Disaster Recovery | Feature
Facing Down Catastrophe: Disaster Planning for Schools
The process of preparing for disaster can actually help your school or district find the agility it needs to weather any kind of change, emergency or otherwise.
- By Dian Schaffhauser
Joe Annibale, superintendent of Union Beach School District, remembers getting the call Monday night, Oct. 29, 2012. The custodians reported to him that the lone school in the district — Memorial, which was the highest point in town and always served as the evacuation center in times of trouble — was taking on water. And not just water, Hurricane Sandy had engulfed this community of 6,245 people with a slushy cocktail of street runoff, sewage, and salt water, like a scene "out of the Titanic," Annibale recounted.
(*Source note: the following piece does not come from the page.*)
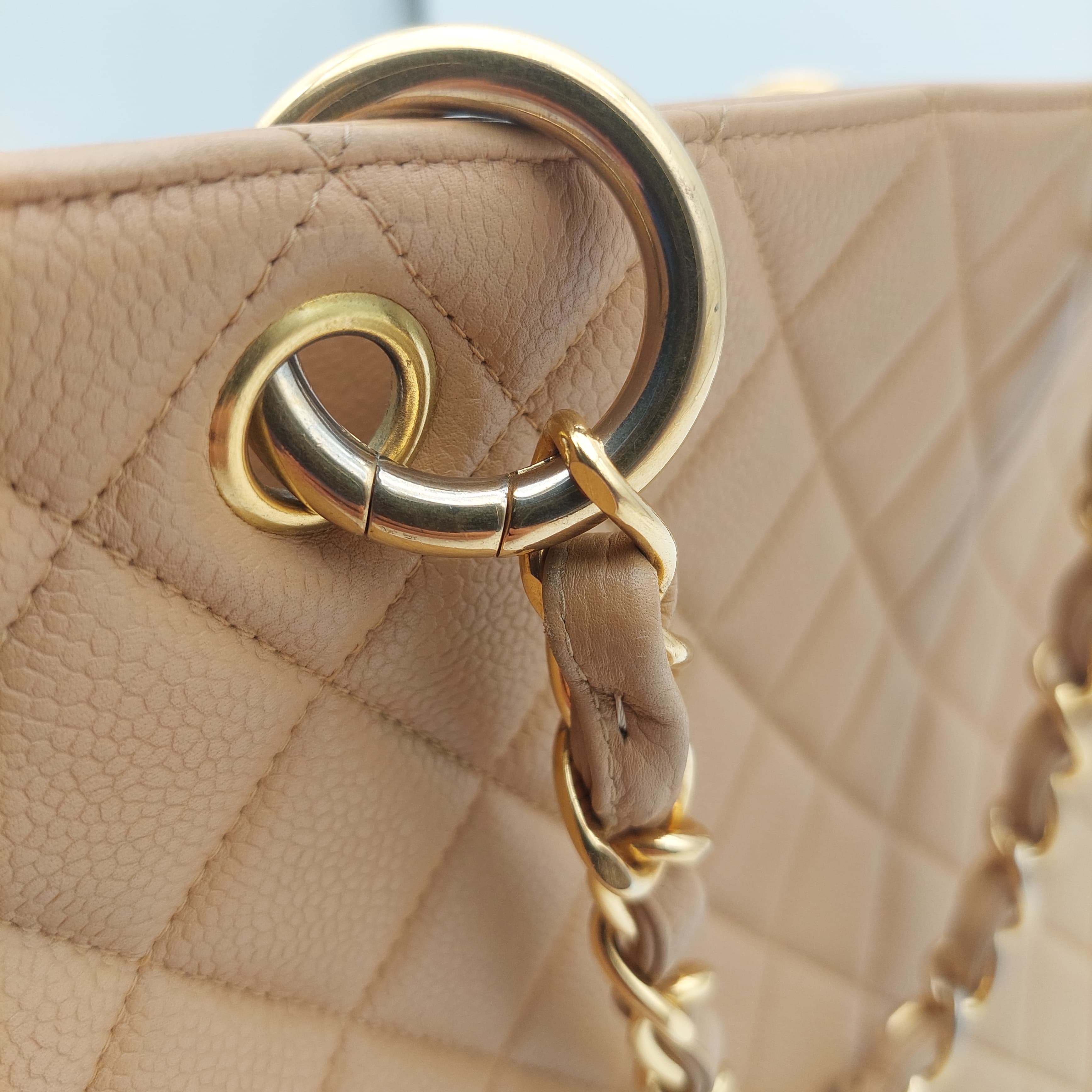 Chanel CC Tote Bag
He "immediately" contacted a disaster restoration company, knowing he'd have to beat the crush that soon would be coming from every other building owner in the region suffering loss during the storm. The next day that company came onsite with generators, lighting, and wet/dry vacs and began sucking up the sludge, while Annibale began assessing the damage with an administrator. "I knew immediately when I took a tour of the building that my students were not returning to this school any time soon," he recalled.
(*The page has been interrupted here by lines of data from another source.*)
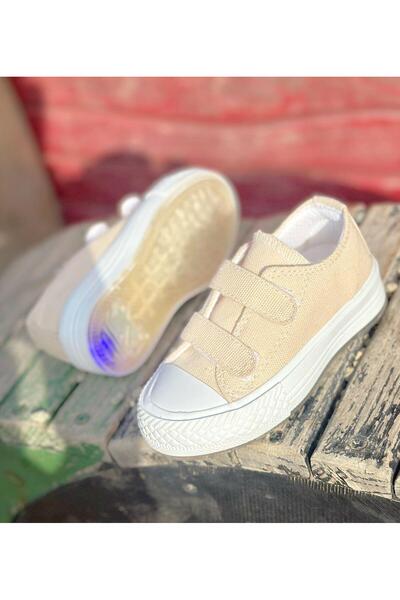 Surpie Shoes Children's Linen Casual Shoes - Banded
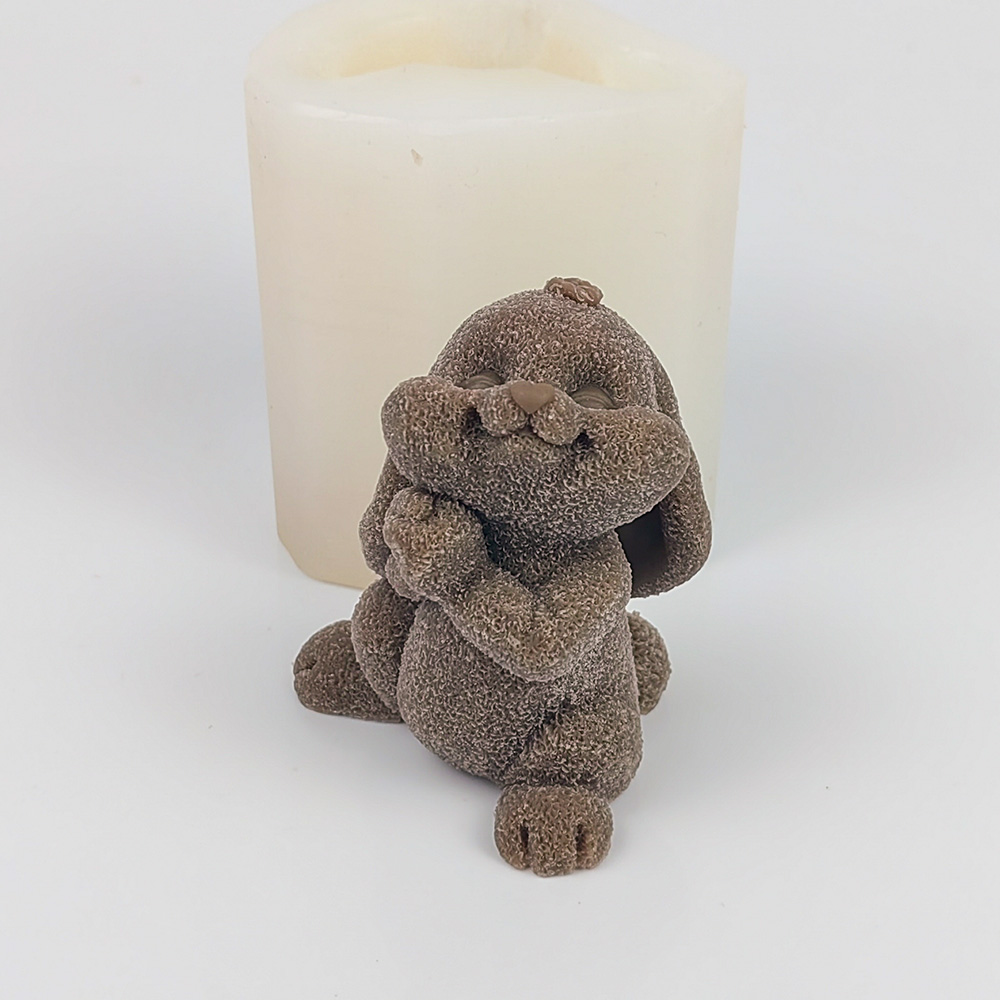 Praying Rabbit Moulds Soap Mol – Bunny Cake Mold Bewertung und Preis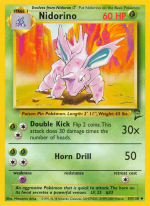 Carta de la expansión Base Set 2
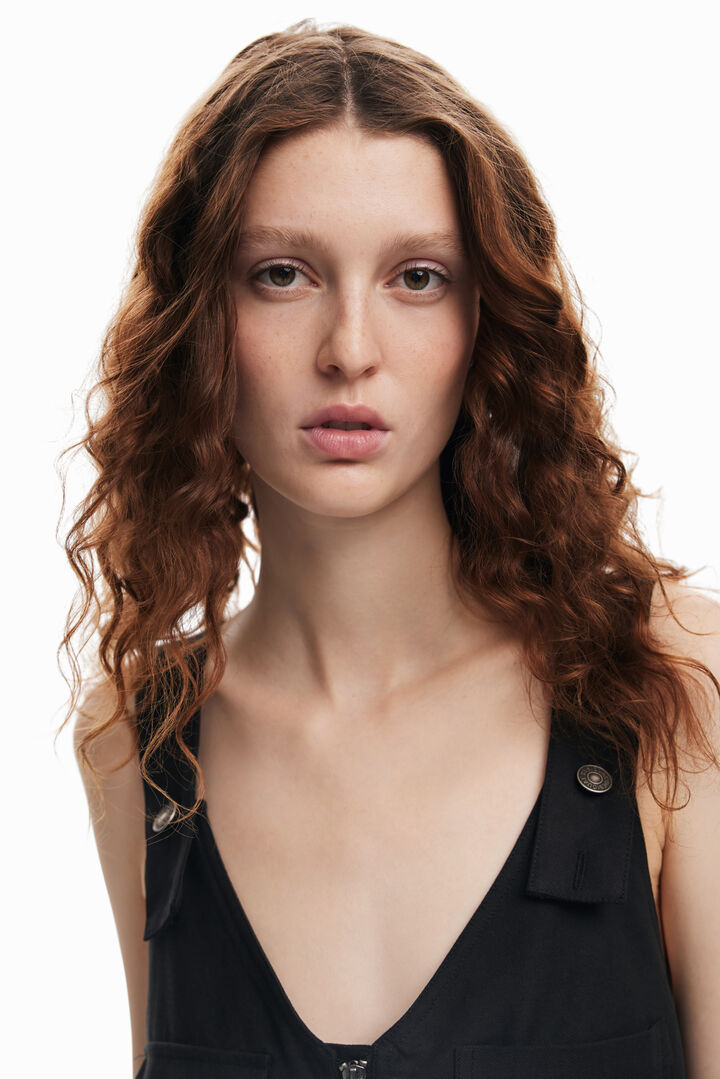 Hybrid long dress | Desigual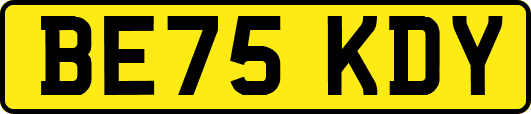 BE75KDY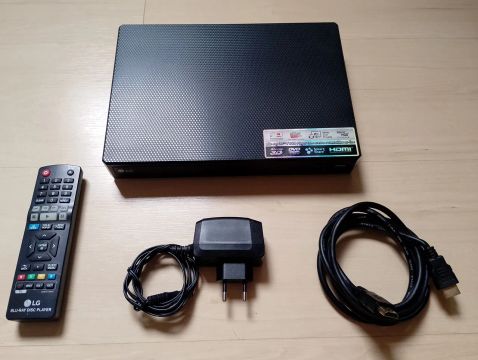 Blu-Ray/DVD player LG - BP450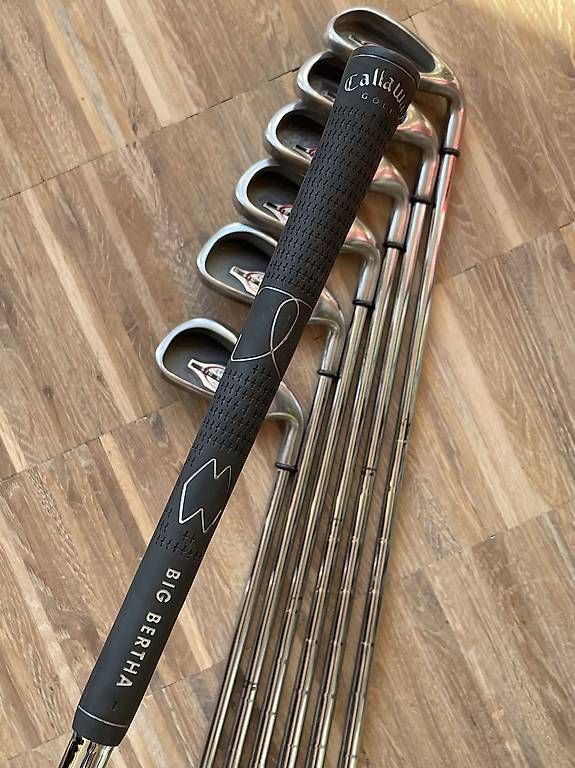 Callaway Mazze & Set: Callaway Eisenset Big Bertha – Usato da Bern venduto da mia_8nfn 3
Beyond that, however, Annibale was at a loss. "We really didn't even have an idea of where to start," he acknowledged. "But we knew that the plan was to figure out something so that we could get up and running as soon as possible and get these kids back into classrooms."
Dealing with Disaster Requires Agility
The idea that a district was ill prepared for a major disaster doesn't surprise Evangelina Mangino, vice president of ESP Solutions Group, an advisory company for state and local education agencies. "People are very hopeful that nothing will happen to them," she explained.
President and CEO Glynn Ligon added, "Disaster prevention and recovery is typically relegated to the IT people. And people don't think about it until some natural disaster passes them by. They hope for the best and they trust the systems they have." The problem with that approach, he pointed out, is that "people aren't very good at planning when they're sitting in the middle of a disaster. They're not going to be thinking clearly at that time."
Dealing with an emergency effectively is the ultimate form of change management, thrust upon participants whether they're ready for it or not. Therefore, much of what disaster preparedness addresses is becoming more agile in how you perform your operations in the first place. Or, as Kevin Lo, lead tech analyst for nonprofit TechSoup Global, put it, having an IT infrastructure in place "that is ready for change is part of preparing for a disaster."
Ligon concurred. "What our clients do is document and plan and design their systems so that they can respond to change and they can keep their systems and their processes functioning when those changes occur."
How do you prepare your district or school for the unexpected? As Dwight Eisenhower famously declared, "Plans are worthless, but planning is everything." These experts offer seven practices to get your planning kicked off.
Reconsider How You Define 'Disaster'
Lo encourages the organizations he works with to "think of the most common disaster that could hit." It may not be a natural one, such as a tornado or earthquake. It could be somebody hacking into the network. "It's better to be protected against someone accessing your system illegally than preparing for a tornado that may not hit."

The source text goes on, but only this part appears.